[PATCH 0/5] cacheinfo: Set cache 'id' based on DT data

James Morse james.morse at arm.com
Fri Jun 27 09:38:48 PDT 2025


Hi Rob,

On 23/06/2025 16:05, Rob Herring wrote:
> On Fri, Jun 13, 2025 at 8:04 AM James Morse <james.morse at arm.com> wrote:
>>
>> This series adds support for cache-ids to device-tree systems.
>> These values are exposed to user-space via
>> /sys/devices/system/cpu/cpuX/cache/indexY/id
>> and are used to identify caches and their associated CPUs by kernel interfaces
>> such as resctrl.
>>
>> Resctrl anticipates cache-ids are unique for a given cache level, but may
>> be sparse. See Documentation/filesystems/resctrl.rst's "Cache IDs" section.
>>
>> Another user is PCIe's cache-steering hints, where an id provided by the
>> hardware would be needed. Today this expects a platform specific ACPI hook
>> the program that value into the PCIe root port registers. If DT platforms
>> are ever supported, it will likely need a kernel driver to convert the
>> user-space cache-id to whatever hardware value is needed.
>>
>> Rob H previously preferred to generate a cache-id from the information DT
>> already has. (Rob: does the PCIe cache-steering use-case change this?)

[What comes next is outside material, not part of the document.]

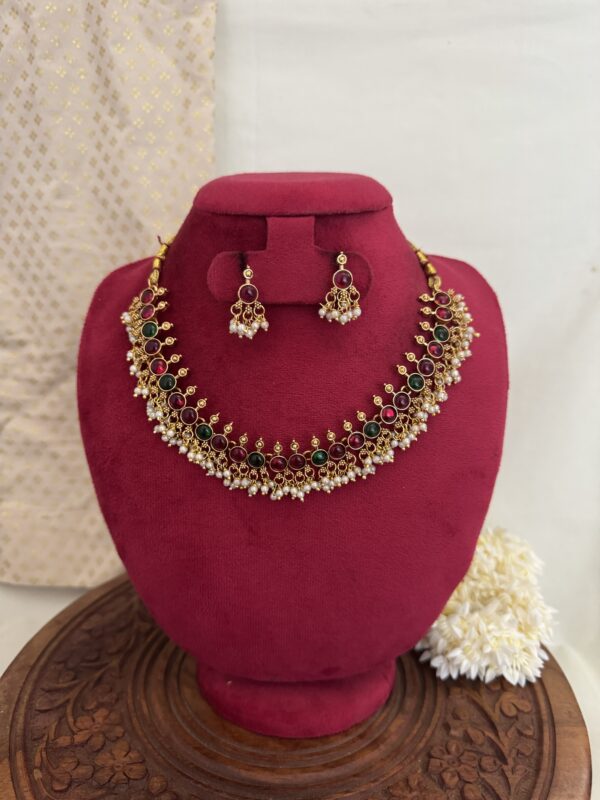 Amara Kemp Pearl Necklace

> I don't think so because who knows what values the PCI root port
> needs.

Some hardware specific value, that would have to come from the DT...


> It's never going to be the cache id directly since that is per level.

Can re-used across levels, but because they can also be sparse its equally valid for them
to be unique. This is what is happening on arm64 ACPI platforms.


> So we'd need some sort of mapping. That's going to be something
> like this:
> 
> Userspace level+id -> DT cache node -> PCI RP value
> 
> So the first translation is the same as you have here. The 2nd
> translation might be something we put in DT or could be in PCI host
> bridge driver.

ACPI currently requires some kernel interaction too as the value gets written to some
platform specific register. Even if it did get standardised, I guess something like VFIO
would manage access to that register to fix up the values.